October 20, 2009

Web shortcomings and opportunities

There is a very interesting post itemizing some of the perceived shortcomings of the web over at the SpaceCollective.

Some of those problems have been addressed by researchers in the past - notable examples are Freeman and Gelernter's Lifestreams, and Nelson's transclusion (I assume this is what the author of the SpaceCollective article means by the term collage; in any case you can start using a limited form of transclusion today).

Some of those problems are being addressed on an ad-hoc basis by commercial companies today. If you take some time to think about the problems, there is still a wide open field of opportunity to provide commercial offerings around the ideas there.

October 18, 2009

The history of programming language syntax

http://news.bbc.co.uk/2/hi/technology/8306631.stm

Only if all the other "programming language designers" had the conscience to apologize for the pain their thoughtlessness has caused.

October 15, 2009

Computers are not getting faster

When we discuss the inclusion of a feature in Lua, we ask ourselves, "OK, but will it run in a microwave oven?"
--Luiz Henrique de Figueiredo

I recently started working with John Fremlin's TPD2 HTTP server, one of the fastest web servers currently available. TPD2 uses a lot of interesting (at least from a Lisp point of view) techniques to achieve high performance. This reminded me of something I noticed in Masterminds of Programming: both Chuck Moore and the creators of Lua emphasized the tendency of computers to scale down.

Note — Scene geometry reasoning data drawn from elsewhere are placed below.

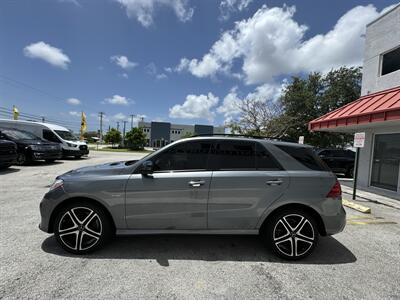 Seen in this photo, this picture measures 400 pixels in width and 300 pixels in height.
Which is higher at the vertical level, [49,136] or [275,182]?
[49,136]

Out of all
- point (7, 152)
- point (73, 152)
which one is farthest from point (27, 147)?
point (73, 152)

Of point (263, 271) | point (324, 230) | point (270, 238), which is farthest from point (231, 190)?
point (324, 230)

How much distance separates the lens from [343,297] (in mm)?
2379

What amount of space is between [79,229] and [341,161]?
1397cm

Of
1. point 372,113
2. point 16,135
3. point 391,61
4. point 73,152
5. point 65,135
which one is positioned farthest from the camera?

When laptops and servers are getting faster processors with larger caches and more cores (which doesn't really help because we don't know even know how to think about writing software for them), it's easy to overlook the fact that we're trying to imbue ever smaller objects with computational intelligence. Moore provided the extreme example of a chip having cores with 64 words of RAM and 64 words of ROM memory each. A less extreme example comes in the form of smartphones.

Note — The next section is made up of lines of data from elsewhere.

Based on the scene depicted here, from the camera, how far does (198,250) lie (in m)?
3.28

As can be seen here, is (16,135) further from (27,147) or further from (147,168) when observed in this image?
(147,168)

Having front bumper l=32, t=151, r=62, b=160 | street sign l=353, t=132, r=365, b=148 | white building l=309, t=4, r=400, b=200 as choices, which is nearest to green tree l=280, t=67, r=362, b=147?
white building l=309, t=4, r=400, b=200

At the same time use of existing systems is increasing to the point where some people are measuring how much servers they buy by the number of tons of waste their packaging generates. If each of your servers could handle three times as many requests per second, you could fit it on a computer three times as small, or have a datacenter a third of the size. The latter is a pragmatic consideration applicable at any time, but the former enables entirely new patterns of use and interaction.

October 13, 2009

The impossibility of global state

(This post is a write-up of some ideas about concurrency that I've briefly discussed before).

By far the bulk of concurrency practice is aimed at dealing with systems based around shared, mutable state. Participants are asked to imagine a world with a global state whose changes are instantaneously observable by everyone. This world is a physical impossibility.

The global state illusion is based on elaborate consensus mechanisms. The concept only works because our perception of the flow of time is fixed vis-a-vis the rest of the world, which happens to be just quick enough to execute consensus algorithms over large networks that we don't get annoyed.

The common refrain to criticisms of the global state illusion is "but think of the bankers!" The consistent bank account with atomic deposits and withdrawals is an example found in almost all textbooks on concurrency. It is a neat and self-contained pedagogical tool for discussing the mechanisms needed to construct a global state illusion, but unfortunately its pervasive use seems to have done immense damage to any attempts to actually reason about concurrent systems.

Networked credit banking existed in 4th century BC Egypt. Banks still accept checks. Your bank account still has overdraft fees. Bank accounts work by reifying transactions as first-class objects. That this idea is considered novel is a testament to the pervasive confusion surrounding concurrency today.

What is the global state illusion really needed for? Distributed shared simulations. Most commonly seen in the guise of videogames. There, all the participants really do need to see a consistent view of the world with changes occurring in quantized time steps.

The key insight behind the global state illusion is that it is not time-scale independent. Whether the illusion can be maintained depends on how the participants perceive the flow of time relative to how quickly the mechanisms behind the illusion work. Banks could have implemented a pen-and-paper two-phase commit protocol for deposits and withdrawals before the advent of telecommunications. It would not have been very useful. This is the same exact issue affecting cache-coherency protocols in multi-core processors, at the micrometer scale.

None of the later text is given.